* **Input material**

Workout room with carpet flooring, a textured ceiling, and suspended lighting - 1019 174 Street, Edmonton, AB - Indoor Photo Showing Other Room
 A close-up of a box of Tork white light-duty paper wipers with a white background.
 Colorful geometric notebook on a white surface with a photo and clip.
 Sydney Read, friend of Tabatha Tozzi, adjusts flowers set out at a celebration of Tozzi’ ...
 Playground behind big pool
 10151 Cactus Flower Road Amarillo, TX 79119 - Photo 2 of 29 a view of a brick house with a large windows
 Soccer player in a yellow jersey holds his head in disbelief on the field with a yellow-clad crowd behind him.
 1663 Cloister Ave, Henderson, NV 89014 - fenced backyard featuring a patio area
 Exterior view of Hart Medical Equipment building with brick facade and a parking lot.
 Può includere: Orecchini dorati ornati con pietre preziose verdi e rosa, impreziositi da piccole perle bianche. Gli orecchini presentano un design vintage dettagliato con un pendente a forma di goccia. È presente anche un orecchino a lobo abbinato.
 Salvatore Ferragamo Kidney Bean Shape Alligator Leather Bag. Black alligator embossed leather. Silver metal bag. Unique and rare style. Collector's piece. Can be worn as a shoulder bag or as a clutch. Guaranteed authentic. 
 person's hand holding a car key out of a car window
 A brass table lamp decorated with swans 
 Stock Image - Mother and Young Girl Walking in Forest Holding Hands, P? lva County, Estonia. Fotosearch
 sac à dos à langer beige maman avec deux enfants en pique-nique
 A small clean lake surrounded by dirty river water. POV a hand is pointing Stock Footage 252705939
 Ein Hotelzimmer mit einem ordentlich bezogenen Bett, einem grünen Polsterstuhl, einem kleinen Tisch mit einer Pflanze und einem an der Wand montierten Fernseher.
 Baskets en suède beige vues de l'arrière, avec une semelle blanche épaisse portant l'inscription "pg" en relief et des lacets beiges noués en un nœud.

* **Problem statement**
Your response should consist solely of the lines from the one that holds "1663 Cloister Ave, Henderson, NV" through the end of the listing above, reproduced exactly.

* **Solved exercise**
 1663 Cloister Ave, Henderson, NV 89014 - fenced backyard featuring a patio area
 Exterior view of Hart Medical Equipment building with brick facade and a parking lot.
 Può includere: Orecchini dorati ornati con pietre preziose verdi e rosa, impreziositi da piccole perle bianche. Gli orecchini presentano un design vintage dettagliato con un pendente a forma di goccia. È presente anche un orecchino a lobo abbinato.
 Salvatore Ferragamo Kidney Bean Shape Alligator Leather Bag. Black alligator embossed leather. Silver metal bag. Unique and rare style. Collector's piece. Can be worn as a shoulder bag or as a clutch. Guaranteed authentic. 
 person's hand holding a car key out of a car window
 A brass table lamp decorated with swans 
 Stock Image - Mother and Young Girl Walking in Forest Holding Hands, P? lva County, Estonia. Fotosearch
 sac à dos à langer beige maman avec deux enfants en pique-nique
 A small clean lake surrounded by dirty river water. POV a hand is pointing Stock Footage 252705939
 Ein Hotelzimmer mit einem ordentlich bezogenen Bett, einem grünen Polsterstuhl, einem kleinen Tisch mit einer Pflanze und einem an der Wand montierten Fernseher.
 Baskets en suède beige vues de l'arrière, avec une semelle blanche épaisse portant l'inscription "pg" en relief et des lacets beiges noués en un nœud.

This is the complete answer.